This limitation becomes more visible when contrasted with observations from applied market contexts. For example, in various market insights activities conducted with a community of approximately 1,000 women developed by IDNTFY over recent years, size-related factors tended to emerge only after broader issues linked to style, wardrobe management, and better buying practices had been addressed. These exchanges frequently surfaced a recurring tension in consumer experience: the paradox of owning a full wardrobe while still perceiving they have nothing to wear. Over a one- to two-year period, as this community was supported in refining these broader behavioural and stylistic dimensions, an average online return rate of 5% was observed, despite most purchases benefiting from free or highly flexible return policies.

Considering this, these observations suggest that high return rates cannot be explained by size and fit alone. Instead, they appear to result from the interaction between consumer behaviour, technological mediation, and business practices. The limited attention given to these interactions, particularly the possibility that current commercial models may accommodate or even benefit from high return levels, points to an important gap in the literature.

Addressing this gap requires moving beyond the repetition of established statistics toward a broader analytical perspective. This involves reassessing the reliability of commonly cited data, incorporating behavioural and systemic dimensions, and questioning the assumptions that underpin current interpretations.

From the perspective of return data interpretation, these findings suggest that observed return rates cannot be understood independently of the policy and incentive environment in which they occur. High return rates may reflect not only product-related issues (such as size and fit), but also the behavioural responses induced by retailer-designed incentives. Any attempt to reduce returns must account for the underlying trade-offs embedded in current business models.

The Business Model: The Systemic Trade-Offs Impacting Corporate Return Strategies

Returns are often presented as a cost problem. They are. But they are also part of how the current model works. In this context, reducing returns is not only an operational challenge, but it also directly challenges revenue-driving mechanisms.

From an operational perspective, the impact is clear. Returns generate direct costs through shipping, handling, quality control, repackaging, and potential loss of value. They also create indirect effects—pressure on customer service, inventory planning, and overall operational complexity (Asdecker, 2015). At scale, the implications are significant. Returns are estimated to generate over 25 billion kilograms of waste annually, underlining their economic and environmental footprint (BBC, 2023; The Interline, 2023).

More recently, companies have also faced a rise in opportunistic or fraudulent behaviours, such as wardrobing (purchasing items, using them, and returning them) or counterfeit product substitution.
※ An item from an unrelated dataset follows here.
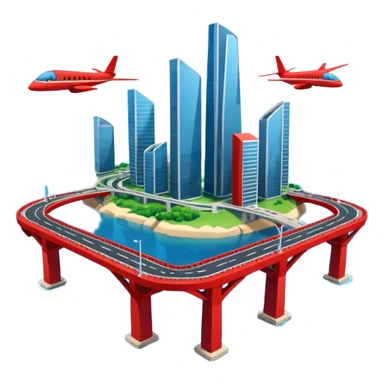 advanced modern island with advanced infrastructure with a red bridge  sticker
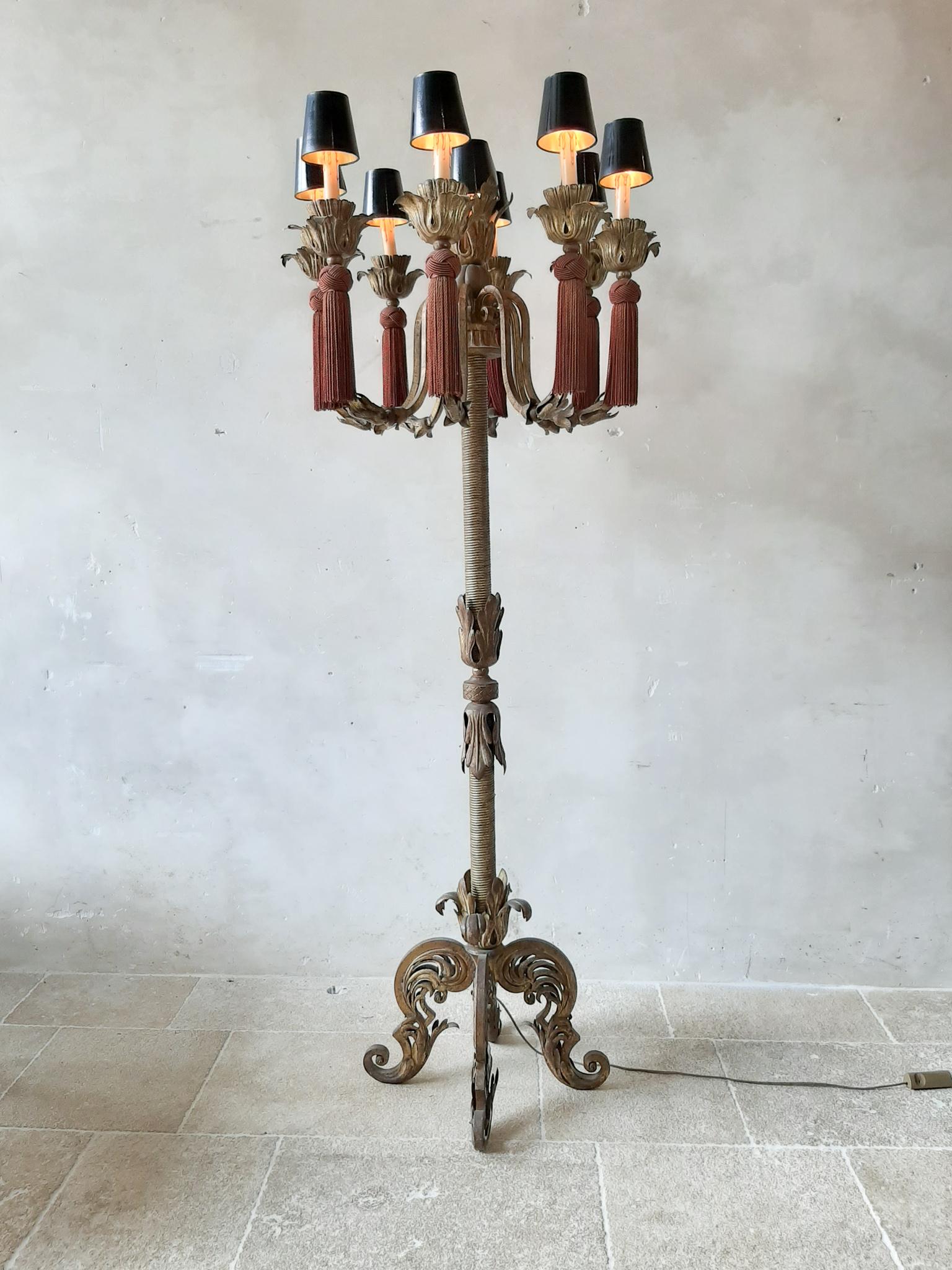 Large Vintage French Antique Design Chandelier Floor Lamp Gold, Red and Black 4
While difficult to quantify, these practices add risks and cost to an already complex system (NRF, 2023; Appriss Retail, 2023).

These elements suggest a strong incentive to reduce returns. In practice, the picture is more nuanced.

Lenient return policies such as free returns, extended windows, and minimal checks, play a central role in driving sales. They reduce perceived risk at the point of purchase and make online shopping more attractive. Evidence shows that this effect is material: higher flexibility leads to higher conversion and larger basket sizes (Janakiraman et al., 2016). In many cases, the additional revenue generated outweighs the cost of processing returns.

This creates a structural trade-off. Returns are costly, but they also support growth. As a result, they are not simply tolerated; they are structurally embedded in the current e-commerce model (Hjort & Lantz, 2016; Janakiraman et al., 2016).

Marketing dynamics reinforce this logic. Social media and influencer platforms increase both the frequency and the volume of purchases, while also promoting aspirational and imitative consumption behaviours (Djafarova & Rushworth, 2017; Lou & Yuan, 2019; Statista, 2023). More recent developments suggest that these platforms are also beginning to influence post-purchase behaviour. Content formats such as haul videos, “GRWM”, and unboxing increasingly incorporate “keep or return” interactions, effectively embedding returns within the consumption experience itself (Vogue Business, 2023; Coresight Research, 2023). Practices such as over-ordering, bracketing, and purchasing for content creation are becoming more visible and normalised, with 69% of Gen Z consumers reporting intentional over-ordering with the expectation of returning items (Coresight Research, 2023).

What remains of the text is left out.